Raw data -
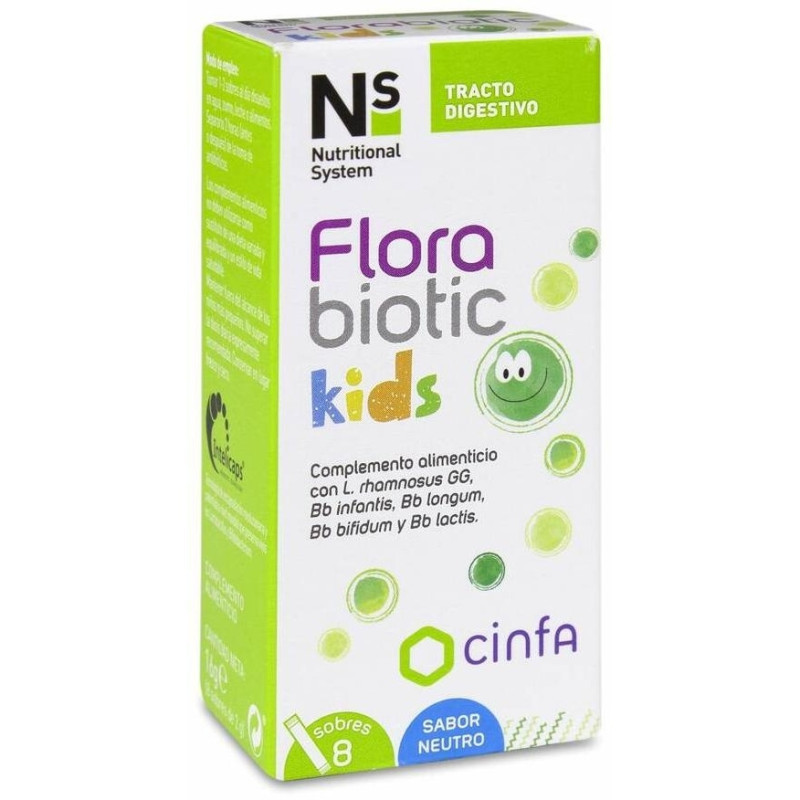 Florabiotic Kids, 8 Sobres - Ns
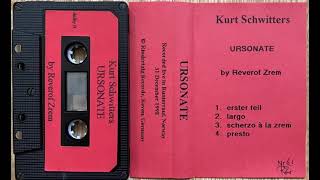 Reverof Zrem Jaap Blonk – Kurt Schwitters Ursonate cassette 1999 [upl. by Cochard34]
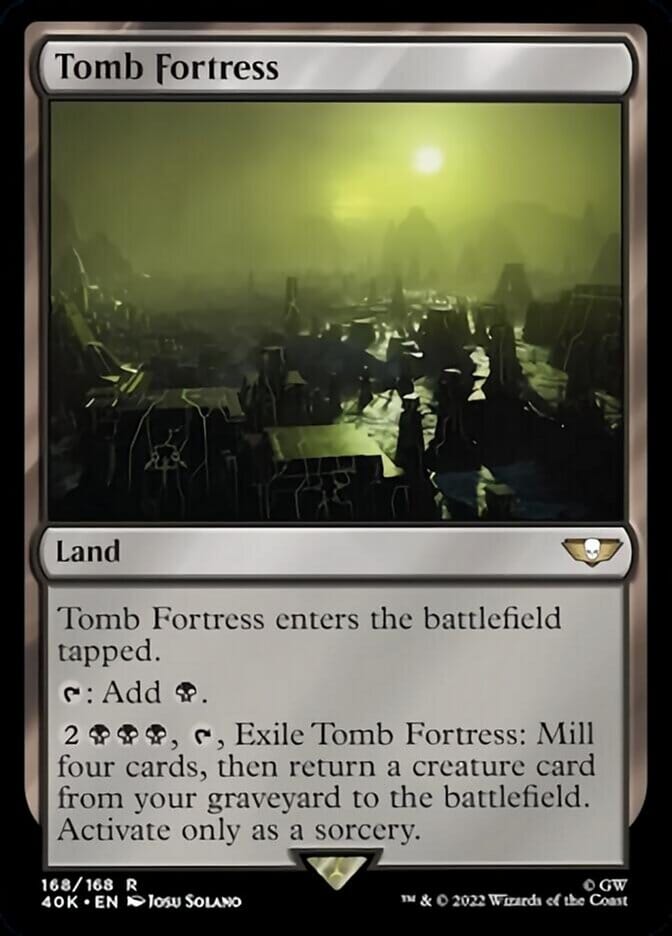 Tomb Fortress (Surge Foil) [Universes Beyond: Warhammer 40,000] MTG Single Magic: The Gathering  | Multizone: Comics And Games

Work request - Print the data again, word for word, without any pictures.

The answer -
 Florabiotic Kids, 8 Sobres - Ns
 Reverof Zrem Jaap Blonk – Kurt Schwitters Ursonate cassette 1999 [upl. by Cochard34]
 Tomb Fortress (Surge Foil) [Universes Beyond: Warhammer 40,000] MTG Single Magic: The Gathering  | Multizone: Comics And Games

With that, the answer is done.